## MATERIAL TO PROCESS
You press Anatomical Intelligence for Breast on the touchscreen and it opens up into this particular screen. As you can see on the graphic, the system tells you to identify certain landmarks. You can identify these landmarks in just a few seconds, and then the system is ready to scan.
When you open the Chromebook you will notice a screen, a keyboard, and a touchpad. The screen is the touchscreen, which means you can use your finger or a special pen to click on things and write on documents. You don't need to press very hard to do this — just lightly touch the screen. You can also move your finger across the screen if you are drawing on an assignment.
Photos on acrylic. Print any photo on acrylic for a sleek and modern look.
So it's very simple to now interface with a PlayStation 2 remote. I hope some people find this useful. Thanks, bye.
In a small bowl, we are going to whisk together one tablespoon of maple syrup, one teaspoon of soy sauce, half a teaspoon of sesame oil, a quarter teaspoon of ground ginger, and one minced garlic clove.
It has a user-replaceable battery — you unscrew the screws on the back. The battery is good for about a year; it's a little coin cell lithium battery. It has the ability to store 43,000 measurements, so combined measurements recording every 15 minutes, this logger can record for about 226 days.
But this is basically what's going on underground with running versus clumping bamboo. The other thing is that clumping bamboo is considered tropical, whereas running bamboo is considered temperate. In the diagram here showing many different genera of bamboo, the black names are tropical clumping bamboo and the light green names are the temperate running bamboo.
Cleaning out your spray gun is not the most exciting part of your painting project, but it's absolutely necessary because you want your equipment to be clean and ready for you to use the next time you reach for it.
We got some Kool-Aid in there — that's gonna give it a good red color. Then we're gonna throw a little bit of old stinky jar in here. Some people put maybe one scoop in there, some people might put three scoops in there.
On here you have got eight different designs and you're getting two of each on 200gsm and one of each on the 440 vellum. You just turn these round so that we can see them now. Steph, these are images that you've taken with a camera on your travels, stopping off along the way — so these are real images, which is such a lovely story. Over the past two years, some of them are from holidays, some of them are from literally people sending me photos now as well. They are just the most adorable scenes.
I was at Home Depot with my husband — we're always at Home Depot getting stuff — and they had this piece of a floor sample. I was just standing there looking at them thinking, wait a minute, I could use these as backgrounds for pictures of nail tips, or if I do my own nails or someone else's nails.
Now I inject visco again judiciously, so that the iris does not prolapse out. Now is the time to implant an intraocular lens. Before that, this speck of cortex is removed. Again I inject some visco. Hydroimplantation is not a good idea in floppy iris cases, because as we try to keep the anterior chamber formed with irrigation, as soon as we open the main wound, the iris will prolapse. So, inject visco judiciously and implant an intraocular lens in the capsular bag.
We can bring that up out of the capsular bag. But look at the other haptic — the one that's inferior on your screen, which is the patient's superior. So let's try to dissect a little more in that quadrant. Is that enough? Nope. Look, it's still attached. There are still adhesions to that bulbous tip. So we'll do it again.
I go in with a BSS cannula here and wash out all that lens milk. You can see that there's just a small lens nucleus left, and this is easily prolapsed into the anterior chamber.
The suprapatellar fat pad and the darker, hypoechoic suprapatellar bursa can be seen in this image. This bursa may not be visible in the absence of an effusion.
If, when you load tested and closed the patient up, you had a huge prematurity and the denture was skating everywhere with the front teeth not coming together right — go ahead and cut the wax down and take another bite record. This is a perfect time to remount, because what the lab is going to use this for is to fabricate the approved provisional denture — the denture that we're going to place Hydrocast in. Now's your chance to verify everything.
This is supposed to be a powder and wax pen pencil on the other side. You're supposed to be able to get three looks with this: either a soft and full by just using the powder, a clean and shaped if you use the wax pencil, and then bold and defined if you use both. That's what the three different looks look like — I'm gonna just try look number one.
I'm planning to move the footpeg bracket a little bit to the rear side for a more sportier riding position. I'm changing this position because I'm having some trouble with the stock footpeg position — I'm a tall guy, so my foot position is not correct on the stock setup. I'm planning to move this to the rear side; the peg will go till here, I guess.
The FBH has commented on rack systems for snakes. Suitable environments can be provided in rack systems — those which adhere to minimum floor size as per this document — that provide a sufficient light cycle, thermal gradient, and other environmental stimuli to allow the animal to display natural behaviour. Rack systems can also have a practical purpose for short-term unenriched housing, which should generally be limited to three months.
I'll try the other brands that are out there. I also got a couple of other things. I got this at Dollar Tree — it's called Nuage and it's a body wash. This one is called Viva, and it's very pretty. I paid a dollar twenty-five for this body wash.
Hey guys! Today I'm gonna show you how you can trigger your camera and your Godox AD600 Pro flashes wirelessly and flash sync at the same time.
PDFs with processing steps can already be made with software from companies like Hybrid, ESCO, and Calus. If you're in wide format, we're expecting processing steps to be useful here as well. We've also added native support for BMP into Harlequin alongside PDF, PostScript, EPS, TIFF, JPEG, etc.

## EXERCISE INSTRUCTIONS
Type out the entries again, word for word.

## WRITTEN REPLY
You press Anatomical Intelligence for Breast on the touchscreen and it opens up into this particular screen. As you can see on the graphic, the system tells you to identify certain landmarks. You can identify these landmarks in just a few seconds, and then the system is ready to scan.
When you open the Chromebook you will notice a screen, a keyboard, and a touchpad. The screen is the touchscreen, which means you can use your finger or a special pen to click on things and write on documents. You don't need to press very hard to do this — just lightly touch the screen. You can also move your finger across the screen if you are drawing on an assignment.
Photos on acrylic. Print any photo on acrylic for a sleek and modern look.
So it's very simple to now interface with a PlayStation 2 remote. I hope some people find this useful. Thanks, bye.
In a small bowl, we are going to whisk together one tablespoon of maple syrup, one teaspoon of soy sauce, half a teaspoon of sesame oil, a quarter teaspoon of ground ginger, and one minced garlic clove.
It has a user-replaceable battery — you unscrew the screws on the back. The battery is good for about a year; it's a little coin cell lithium battery. It has the ability to store 43,000 measurements, so combined measurements recording every 15 minutes, this logger can record for about 226 days.
But this is basically what's going on underground with running versus clumping bamboo. The other thing is that clumping bamboo is considered tropical, whereas running bamboo is considered temperate. In the diagram here showing many different genera of bamboo, the black names are tropical clumping bamboo and the light green names are the temperate running bamboo.
Cleaning out your spray gun is not the most exciting part of your painting project, but it's absolutely necessary because you want your equipment to be clean and ready for you to use the next time you reach for it.
We got some Kool-Aid in there — that's gonna give it a good red color. Then we're gonna throw a little bit of old stinky jar in here. Some people put maybe one scoop in there, some people might put three scoops in there.
On here you have got eight different designs and you're getting two of each on 200gsm and one of each on the 440 vellum. You just turn these round so that we can see them now. Steph, these are images that you've taken with a camera on your travels, stopping off along the way — so these are real images, which is such a lovely story. Over the past two years, some of them are from holidays, some of them are from literally people sending me photos now as well. They are just the most adorable scenes.
I was at Home Depot with my husband — we're always at Home Depot getting stuff — and they had this piece of a floor sample. I was just standing there looking at them thinking, wait a minute, I could use these as backgrounds for pictures of nail tips, or if I do my own nails or someone else's nails.
Now I inject visco again judiciously, so that the iris does not prolapse out. Now is the time to implant an intraocular lens. Before that, this speck of cortex is removed. Again I inject some visco. Hydroimplantation is not a good idea in floppy iris cases, because as we try to keep the anterior chamber formed with irrigation, as soon as we open the main wound, the iris will prolapse. So, inject visco judiciously and implant an intraocular lens in the capsular bag.
We can bring that up out of the capsular bag. But look at the other haptic — the one that's inferior on your screen, which is the patient's superior. So let's try to dissect a little more in that quadrant. Is that enough? Nope. Look, it's still attached. There are still adhesions to that bulbous tip. So we'll do it again.
I go in with a BSS cannula here and wash out all that lens milk. You can see that there's just a small lens nucleus left, and this is easily prolapsed into the anterior chamber.
The suprapatellar fat pad and the darker, hypoechoic suprapatellar bursa can be seen in this image. This bursa may not be visible in the absence of an effusion.
If, when you load tested and closed the patient up, you had a huge prematurity and the denture was skating everywhere with the front teeth not coming together right — go ahead and cut the wax down and take another bite record. This is a perfect time to remount, because what the lab is going to use this for is to fabricate the approved provisional denture — the denture that we're going to place Hydrocast in. Now's your chance to verify everything.
This is supposed to be a powder and wax pen pencil on the other side. You're supposed to be able to get three looks with this: either a soft and full by just using the powder, a clean and shaped if you use the wax pencil, and then bold and defined if you use both. That's what the three different looks look like — I'm gonna just try look number one.
I'm planning to move the footpeg bracket a little bit to the rear side for a more sportier riding position. I'm changing this position because I'm having some trouble with the stock footpeg position — I'm a tall guy, so my foot position is not correct on the stock setup. I'm planning to move this to the rear side; the peg will go till here, I guess.
The FBH has commented on rack systems for snakes. Suitable environments can be provided in rack systems — those which adhere to minimum floor size as per this document — that provide a sufficient light cycle, thermal gradient, and other environmental stimuli to allow the animal to display natural behaviour. Rack systems can also have a practical purpose for short-term unenriched housing, which should generally be limited to three months.
I'll try the other brands that are out there. I also got a couple of other things. I got this at Dollar Tree — it's called Nuage and it's a body wash. This one is called Viva, and it's very pretty. I paid a dollar twenty-five for this body wash.
Hey guys! Today I'm gonna show you how you can trigger your camera and your Godox AD600 Pro flashes wirelessly and flash sync at the same time.
PDFs with processing steps can already be made with software from companies like Hybrid, ESCO, and Calus. If you're in wide format, we're expecting processing steps to be useful here as well. We've also added native support for BMP into Harlequin alongside PDF, PostScript, EPS, TIFF, JPEG, etc.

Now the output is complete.